- _Exercise_
Of the entries below, return only those lines from the line with "Macacão de bebê" to the line with "Solar electrican Lismore NSW", exactly, both included.
____
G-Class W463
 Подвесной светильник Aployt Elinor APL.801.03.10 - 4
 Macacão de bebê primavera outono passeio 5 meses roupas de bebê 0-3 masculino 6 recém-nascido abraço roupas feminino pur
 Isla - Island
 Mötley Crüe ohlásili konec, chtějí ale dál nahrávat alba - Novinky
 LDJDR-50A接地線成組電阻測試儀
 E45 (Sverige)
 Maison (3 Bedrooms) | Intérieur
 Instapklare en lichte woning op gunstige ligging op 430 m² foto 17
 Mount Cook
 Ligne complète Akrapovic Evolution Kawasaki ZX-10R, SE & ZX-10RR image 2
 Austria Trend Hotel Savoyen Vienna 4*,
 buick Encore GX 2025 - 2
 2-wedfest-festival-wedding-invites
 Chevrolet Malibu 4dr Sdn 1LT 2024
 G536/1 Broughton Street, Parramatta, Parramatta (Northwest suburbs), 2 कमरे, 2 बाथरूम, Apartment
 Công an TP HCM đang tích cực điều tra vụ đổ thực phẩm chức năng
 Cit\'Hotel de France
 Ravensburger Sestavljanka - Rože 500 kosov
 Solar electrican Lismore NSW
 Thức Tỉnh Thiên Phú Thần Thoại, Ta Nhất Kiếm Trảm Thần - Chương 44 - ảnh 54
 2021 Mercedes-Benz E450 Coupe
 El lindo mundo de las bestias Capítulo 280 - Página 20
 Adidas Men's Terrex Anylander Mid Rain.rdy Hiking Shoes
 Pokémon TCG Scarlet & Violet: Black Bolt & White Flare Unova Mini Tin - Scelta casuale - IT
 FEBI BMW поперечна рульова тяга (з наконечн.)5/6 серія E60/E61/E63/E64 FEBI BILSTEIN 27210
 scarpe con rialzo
____
- _Answer to the problem_
 Macacão de bebê primavera outono passeio 5 meses roupas de bebê 0-3 masculino 6 recém-nascido abraço roupas feminino pur
 Isla - Island
 Mötley Crüe ohlásili konec, chtějí ale dál nahrávat alba - Novinky
 LDJDR-50A接地線成組電阻測試儀
 E45 (Sverige)
 Maison (3 Bedrooms) | Intérieur
 Instapklare en lichte woning op gunstige ligging op 430 m² foto 17
 Mount Cook
 Ligne complète Akrapovic Evolution Kawasaki ZX-10R, SE & ZX-10RR image 2
 Austria Trend Hotel Savoyen Vienna 4*,
 buick Encore GX 2025 - 2
 2-wedfest-festival-wedding-invites
 Chevrolet Malibu 4dr Sdn 1LT 2024
 G536/1 Broughton Street, Parramatta, Parramatta (Northwest suburbs), 2 कमरे, 2 बाथरूम, Apartment
 Công an TP HCM đang tích cực điều tra vụ đổ thực phẩm chức năng
 Cit\'Hotel de France
 Ravensburger Sestavljanka - Rože 500 kosov
 Solar electrican Lismore NSW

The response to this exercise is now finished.